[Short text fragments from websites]
Start of Block

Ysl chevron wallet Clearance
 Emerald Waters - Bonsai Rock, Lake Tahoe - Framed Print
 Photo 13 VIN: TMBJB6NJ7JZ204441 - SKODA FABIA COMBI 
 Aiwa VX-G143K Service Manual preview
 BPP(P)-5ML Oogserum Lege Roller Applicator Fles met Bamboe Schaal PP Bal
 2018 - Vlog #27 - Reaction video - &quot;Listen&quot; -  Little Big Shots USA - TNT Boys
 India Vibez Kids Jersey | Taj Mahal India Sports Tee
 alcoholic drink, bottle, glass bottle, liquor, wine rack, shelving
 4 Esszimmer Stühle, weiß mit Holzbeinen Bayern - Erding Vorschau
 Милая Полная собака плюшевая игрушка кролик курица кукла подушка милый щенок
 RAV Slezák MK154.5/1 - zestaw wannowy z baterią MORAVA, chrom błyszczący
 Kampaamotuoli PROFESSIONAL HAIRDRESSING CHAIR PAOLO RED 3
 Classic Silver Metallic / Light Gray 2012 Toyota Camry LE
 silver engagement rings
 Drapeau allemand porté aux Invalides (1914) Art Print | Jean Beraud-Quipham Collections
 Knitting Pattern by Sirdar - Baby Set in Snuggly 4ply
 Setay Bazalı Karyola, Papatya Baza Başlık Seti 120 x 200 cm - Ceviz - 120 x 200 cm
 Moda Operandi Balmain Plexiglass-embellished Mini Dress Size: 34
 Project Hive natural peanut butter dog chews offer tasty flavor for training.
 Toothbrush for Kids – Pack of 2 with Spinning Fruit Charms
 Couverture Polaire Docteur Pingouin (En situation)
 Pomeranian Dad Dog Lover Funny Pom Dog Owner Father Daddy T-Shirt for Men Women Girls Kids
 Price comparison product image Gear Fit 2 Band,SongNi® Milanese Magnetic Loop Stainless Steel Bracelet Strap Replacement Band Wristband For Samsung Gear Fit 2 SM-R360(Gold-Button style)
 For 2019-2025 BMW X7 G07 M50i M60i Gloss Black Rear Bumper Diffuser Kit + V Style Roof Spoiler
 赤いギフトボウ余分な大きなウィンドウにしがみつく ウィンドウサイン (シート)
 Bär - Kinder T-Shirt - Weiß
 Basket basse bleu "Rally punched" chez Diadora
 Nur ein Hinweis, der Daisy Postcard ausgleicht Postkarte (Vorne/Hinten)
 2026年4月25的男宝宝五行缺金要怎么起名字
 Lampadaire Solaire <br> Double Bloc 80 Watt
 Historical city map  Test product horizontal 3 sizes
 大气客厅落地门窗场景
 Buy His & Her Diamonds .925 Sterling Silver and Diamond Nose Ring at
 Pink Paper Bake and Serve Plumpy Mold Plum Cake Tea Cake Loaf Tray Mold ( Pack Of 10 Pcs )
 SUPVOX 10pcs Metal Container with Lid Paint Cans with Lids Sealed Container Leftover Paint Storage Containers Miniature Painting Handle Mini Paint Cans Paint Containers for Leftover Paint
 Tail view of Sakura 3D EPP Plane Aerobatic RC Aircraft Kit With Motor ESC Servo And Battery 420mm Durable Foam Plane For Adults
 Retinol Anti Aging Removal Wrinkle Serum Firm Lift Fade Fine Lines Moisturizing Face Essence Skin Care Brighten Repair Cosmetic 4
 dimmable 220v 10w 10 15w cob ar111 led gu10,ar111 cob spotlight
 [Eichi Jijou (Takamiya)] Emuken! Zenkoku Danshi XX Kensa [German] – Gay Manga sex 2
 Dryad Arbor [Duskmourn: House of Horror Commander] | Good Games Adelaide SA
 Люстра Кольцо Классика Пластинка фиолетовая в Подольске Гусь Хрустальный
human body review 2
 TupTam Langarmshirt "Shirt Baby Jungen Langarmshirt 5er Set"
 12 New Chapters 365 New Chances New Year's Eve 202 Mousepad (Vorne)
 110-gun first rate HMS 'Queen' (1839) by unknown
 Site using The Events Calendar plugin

End of Block

**Exercise aim**: Take each line above that contains "Shirt" and copy it out.

**Response box**:
 Pomeranian Dad Dog Lover Funny Pom Dog Owner Father Daddy T-Shirt for Men Women Girls Kids
 Bär - Kinder T-Shirt - Weiß
 TupTam Langarmshirt "Shirt Baby Jungen Langarmshirt 5er Set"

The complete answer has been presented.